JChem PostgreSQL Cartridge in Instant JChem

    Introduction

    JChem PostgreSQL Cartridge (JPC) is supported by IJC. JChem PostgreSQL Cartridge integrates the 2nd generation JChem Base engine with PostgreSQL interface. It adds chemical database management and search capabilities to PostgreSQL databases via the JChem-psql service. Among its advantages are high-speed chemical search and quick sorting of chemical structures by relevance. It offers the most used chemical search options like substructure search, full fragment (exact fragment) search, superstructure search and duplicate search.
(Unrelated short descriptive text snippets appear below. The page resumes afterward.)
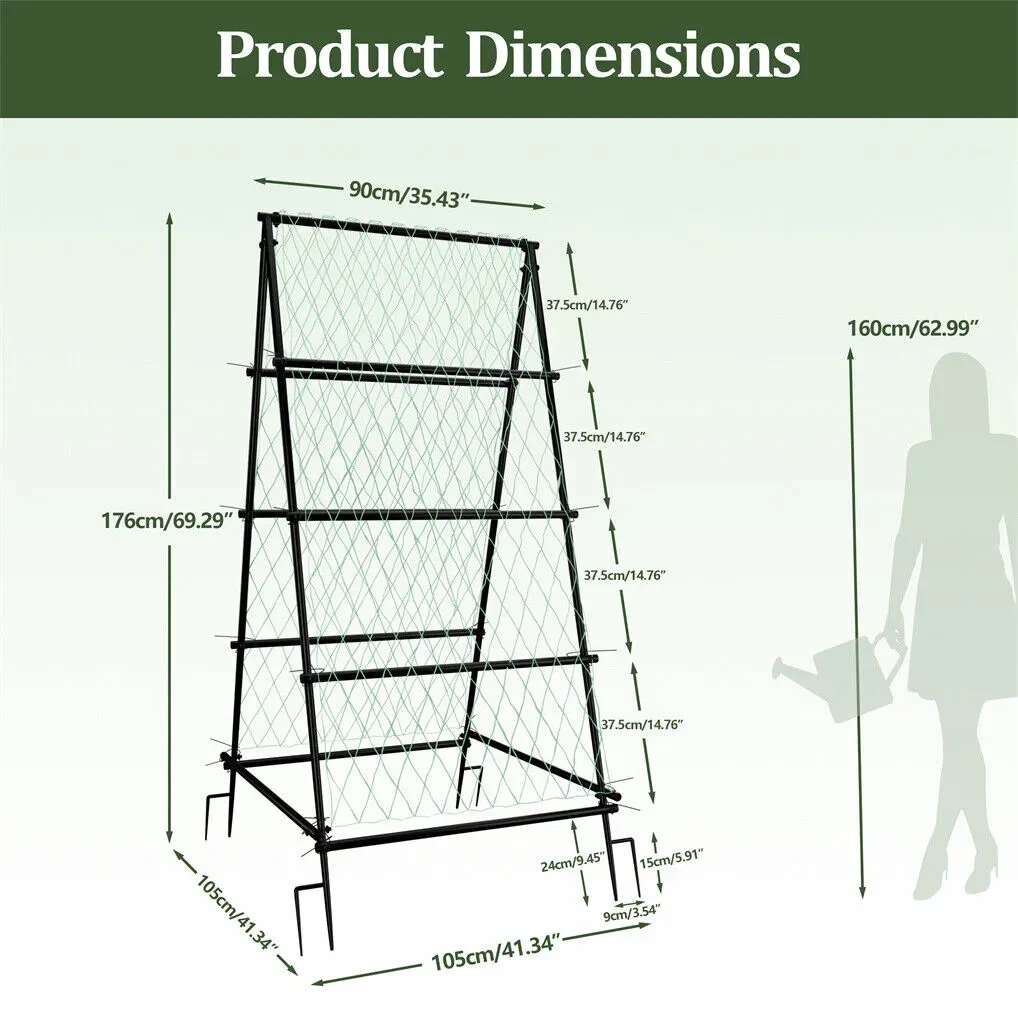 XL Heavy Duty Garden Trellis for Climbing Plants with Netting image 7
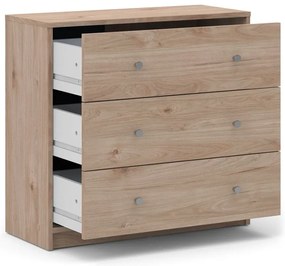 Komoda v dubovom dekore Tvilum May, 72 x 68 cm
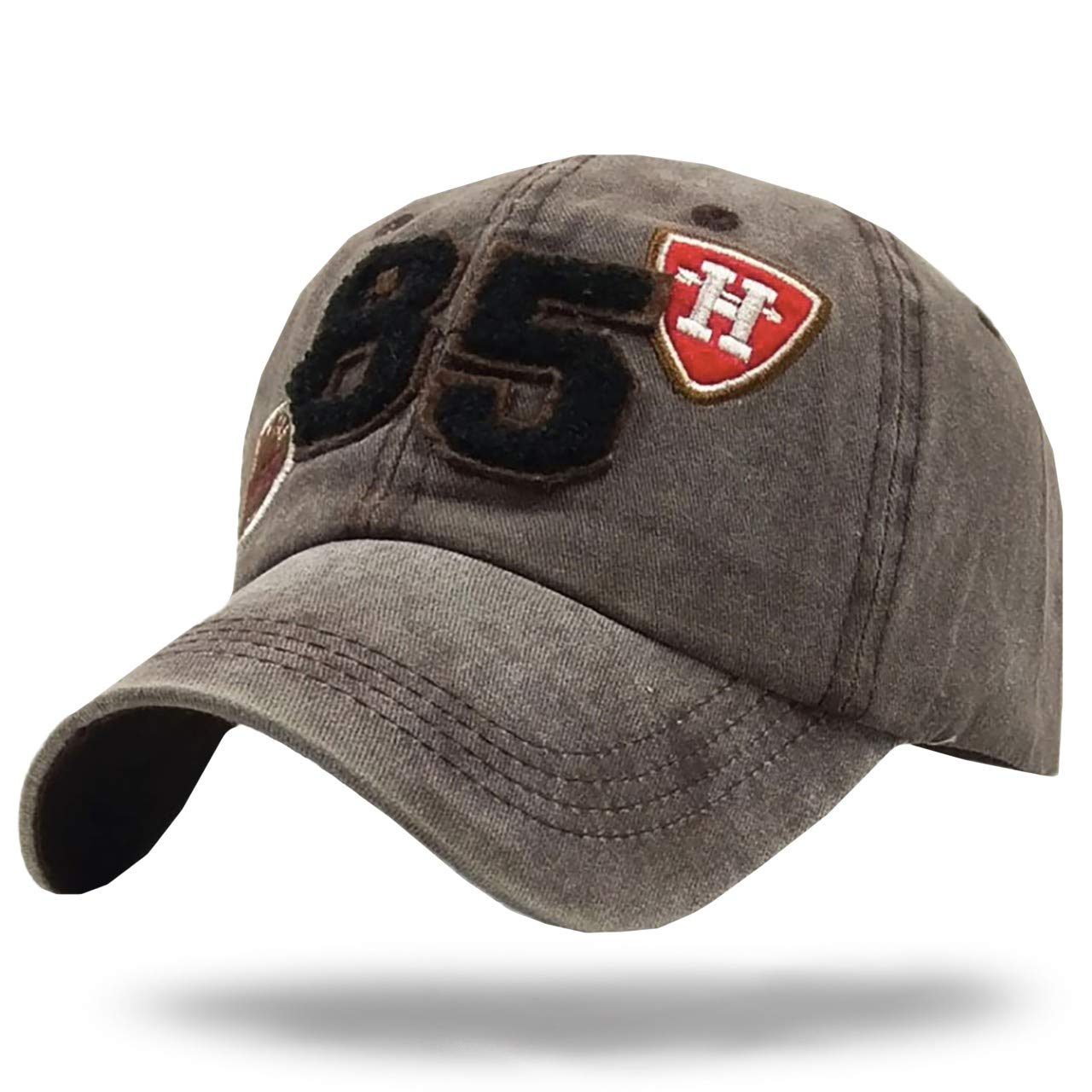 

БЕЛАЯ КЛЫК Шапка с логотипом Кепка Нумерация Патч Стильная Крутая Повседневная CA188 Мужская (05 Коричневый)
A comparison of JChem Engines is available here.

    images/download/attachments/1805941/Postgres-ConnectionToDB.png

    Performance comparison between JChem Base and PostgreSQL Cartridge indicates that the PostgreSQL queries are executed faster. Performance can vary significantly based on the specific query executed and its frequency of execution. The speed difference is also influenced by the fact that the JChem Base entity caches structure fingerprints in Instant JChem’s memory, which is a time-consuming process. PostgreSQL Cartridge search is done inside the database so the first and the second query don’t differ significantly in terms of speed. Further advantage of the PostgreSQL Cartridge is less memory use, which was proven by measurements of memory usage after GC with the following results: JChem Base 450 MB, PostgreSQL 400 MB.

    images/download/attachments/1805941/JChem_vs_JPC.png

    The test was conducted using ChEMBL 25 database containing 1.8 million structures. The query was CdId > 0 and substructure search for Naphthalene with a result of 55 936 hits.

    Installing the JChem PostgreSQL Cartridge

    This guide will serve as a basic introduction to the installation and use of JChem PostgreSQL Cartridge installation.

    Upgrading

    Upgrade process of IJC schema is done automatically, but upgrade of the cartridge itself has to be done manually and it is described in the JPC upgrade documentation.

    About the JChem PostgreSQL Cartridge table types in IJC

    JPC does not handle JChem tables, only regular Postgres tables are handled. The column for storing the chemical structures must be Molecule type. CREATE INDEX using chemindex or sortedchemindex makes the JChem search processes run faster, however searching in unindexed tables is also possible. There are no table settings because, unlike with the JChem Oracle Cartridge, table types do not exist here.

    JChem PostgreSQL Cartridge entity

    If you are using a PostgreSQL database and have the JChem PostgreSQL Cartridge installed and running, a new JChem PostgreSQL Cartridge entity can be created. After selecting the JChem PostgreSQL Cartridge entity as entity type, which is a default option, the following settings need to be specified:

    • In the Display Name text field, enter a name for the new entity.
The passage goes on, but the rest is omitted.